= Bacterial blight (barley) =

Disease of barley caused by a bacterial pathogen

Bacterial blight is a disease of barley caused by the bacterial pathogen Xanthomonas campestris pv. translucens (syn. X. translucens). It has been known as a disease since the late 19th century. It has a worldwide distribution.

== Symptoms ==
The disease is characterized by small, pale green spots or streaks which soon appear water-soaked. The lesions expand and then appear as dry dead spots. The lesions elongate into linear streaks which may eventually extend the full length of the leaf. Lesions rarely occur on the leaf sheath or culm. In severe infections, a milky gray exudate may be squeezed from the cut end of leaf exhibiting symptoms.
Brown spots on the margin of the cotyledon characterized plants

== Disease cycle ==
This disease is caused by a common bacterium that persists in soil and water and is spread by wind-driven rains. The bacteria overwinters on crop residue, seed, fall-sown cereals, and perennial grasses. Spring infection may result from any of these sources. Subsequent infections are spread by splashing of bacterial ooze by rain drops, plant to plant contact and insects.
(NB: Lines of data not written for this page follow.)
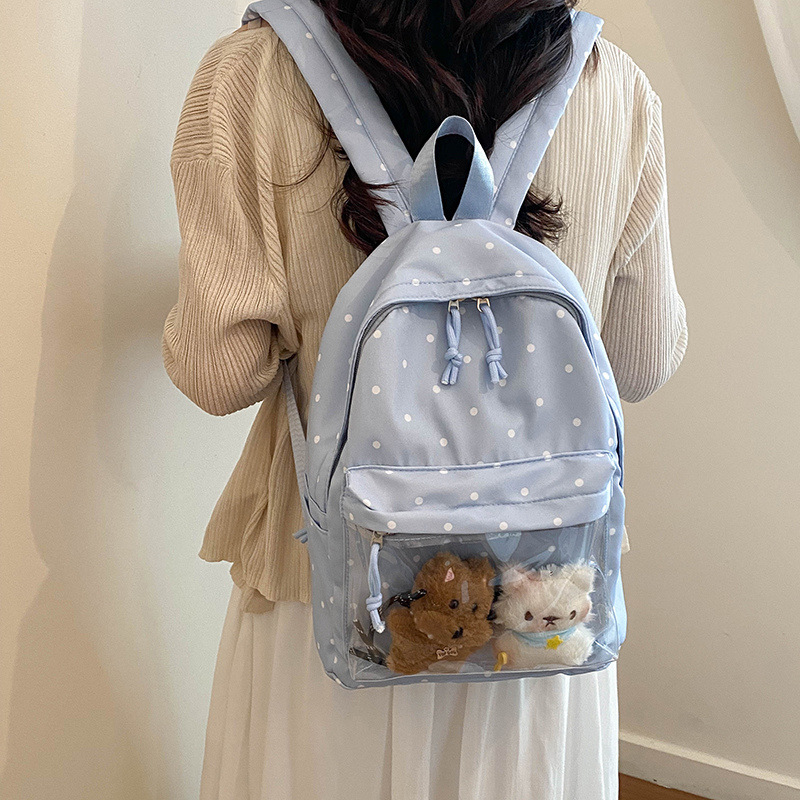 Nueva moda mochila de moda para mujeres fresca dulce gran capacidad de moda ocio para estudiantes de clase mochila simple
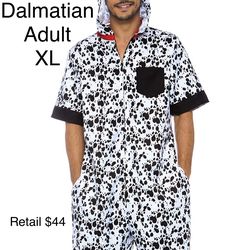 Dalmatian Dog Costume Adult Halloween 101 Days School XL
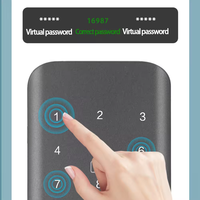 Serrure de porte intelligente sans fil WiFi avec empreinte digitale, mot de passe numérique, application Tuya, poignée électronique haute sécurité Volibel pour porte en bois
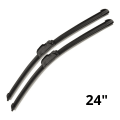 Par de Palhetas Silicone Limpador De Para-brisas - 24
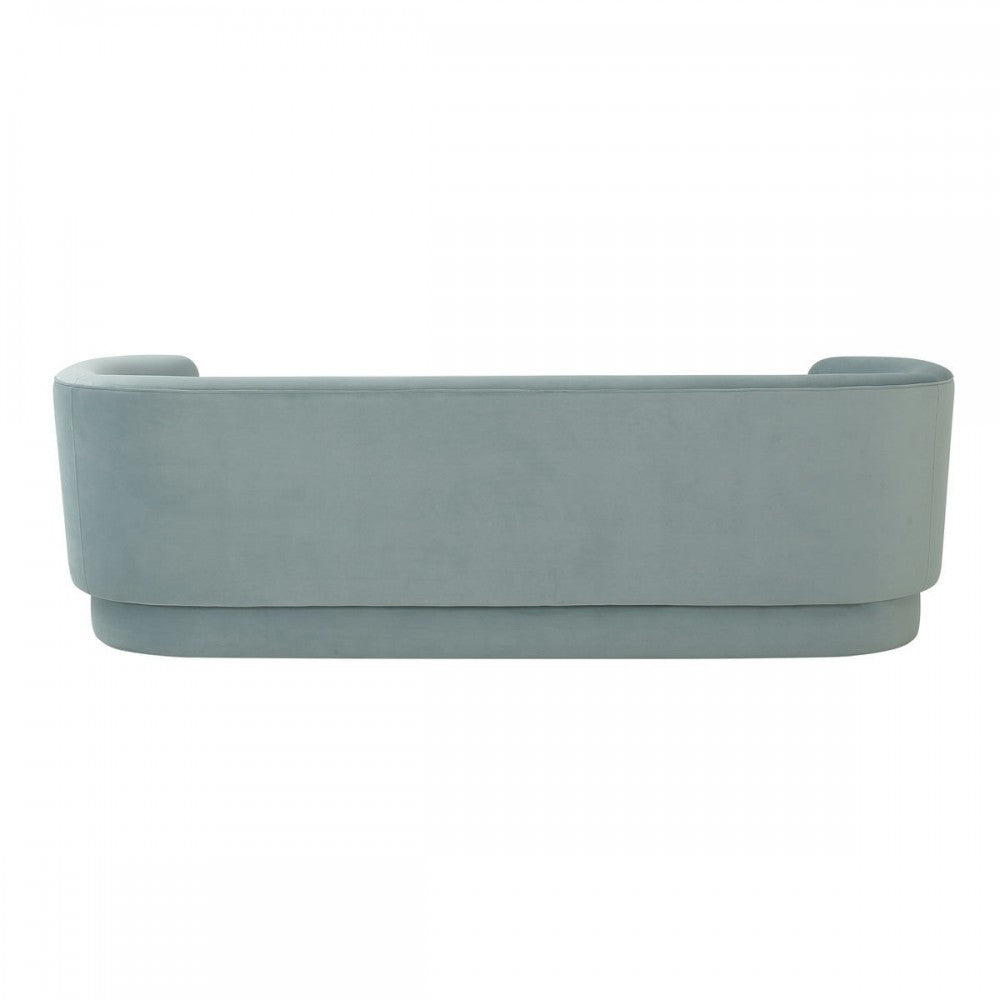 TOV Furniture Macie Sea Blue Velvet Sofa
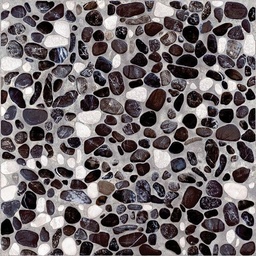 Piso Cerámico Scop Lutecia Negro 45,3x45,3 cm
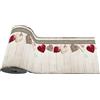 Tata Home Tappeto Cucina Antiscivolo Lavabile Passatoia Cucina Corridoio Camera Ingresso Resistente Tappeto Multiuso al Metro Made in italy 52x150 cm Mod.77 Cuori Shabby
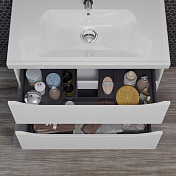 Тумба под раковину Opadiris Элеганс 80 белая матовая , изображение 3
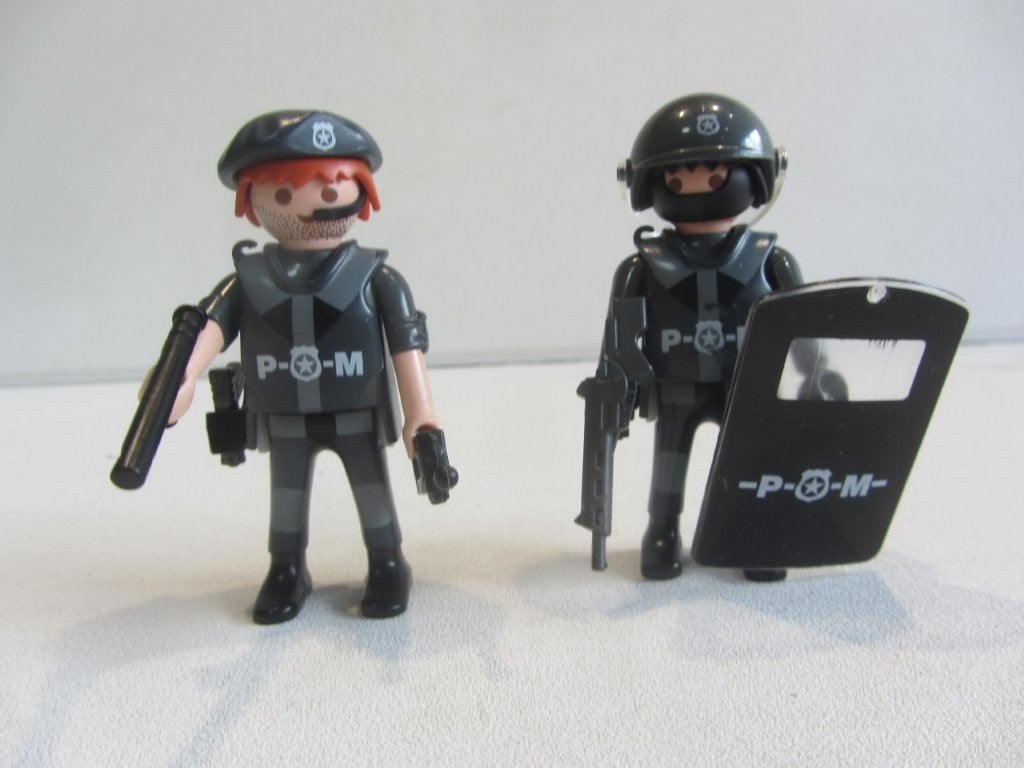 Playmobil DuoPack Interventie-team 5515, Ophalen of Verzenden, Gebruikt, Losse onderdelen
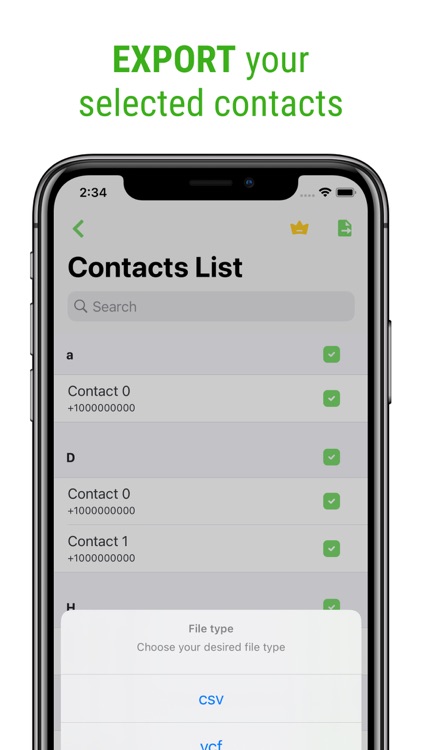 Contacts - Safe Clean & Backup screenshot-4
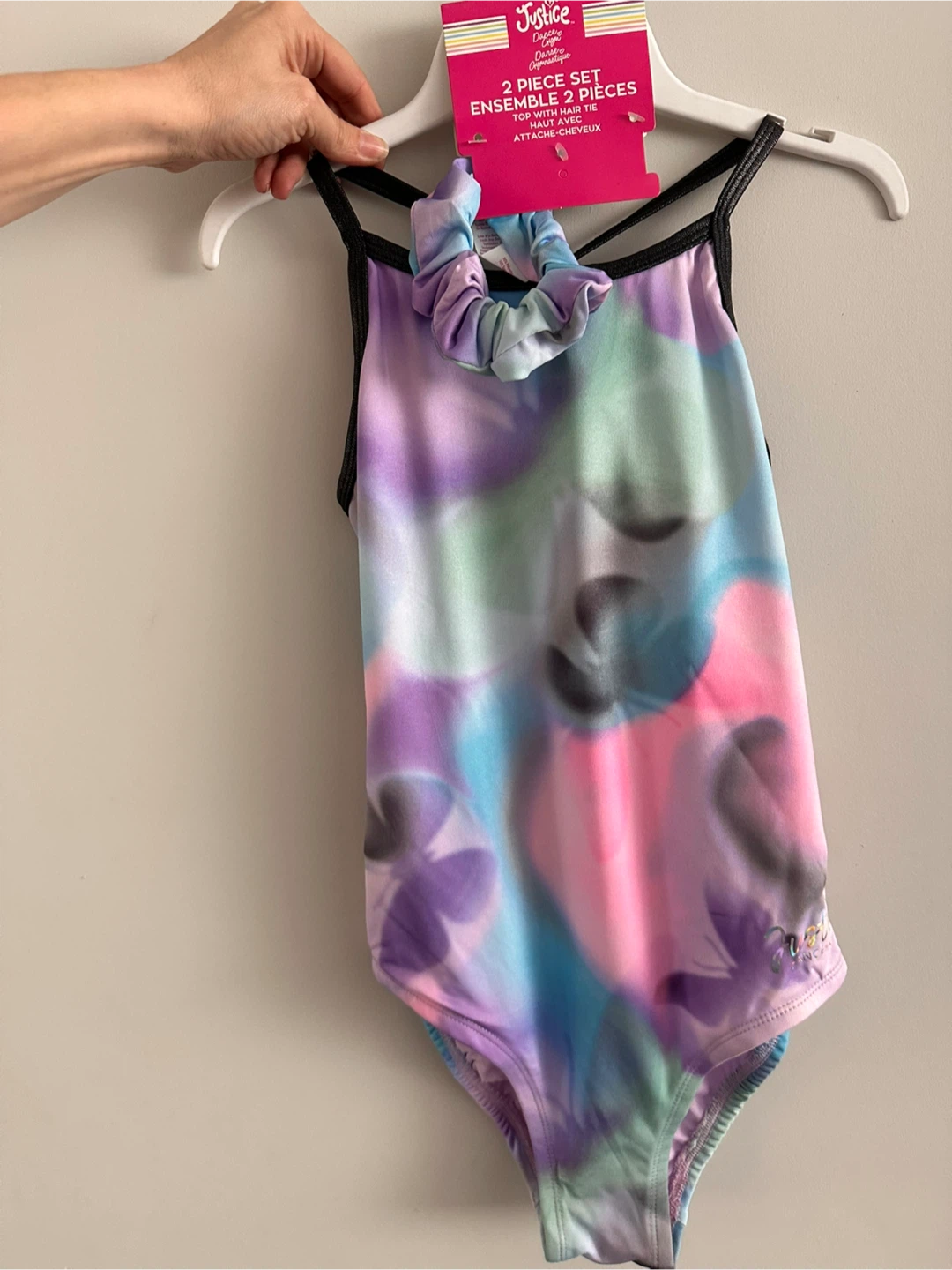 Justice 2-Piece Dance & Gym Set with Scrunchie - photo 2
Bacterial blight develops on the upper leaves of during periods of cool, wet weather, after the plants have reached the boot stage. Leaf blight is associated with high relative humidity, wet weather, and cool spring temperatures (15–25 degrees C or 60–75 degrees F). Warm, dry weather stops the disease and new emerging leaves may be relatively free of bacterial infection.

== Crop loss ==
Although detailed studies have not been conducted, damage to the flag often occurs suggesting that yield losses may reach 10–15%.

== Management ==
Disease incidence and severity is reducing by rotating to non-grain crops, burying crop residue and using disease free seed. No resistant cultivars are known, some are more susceptible than others.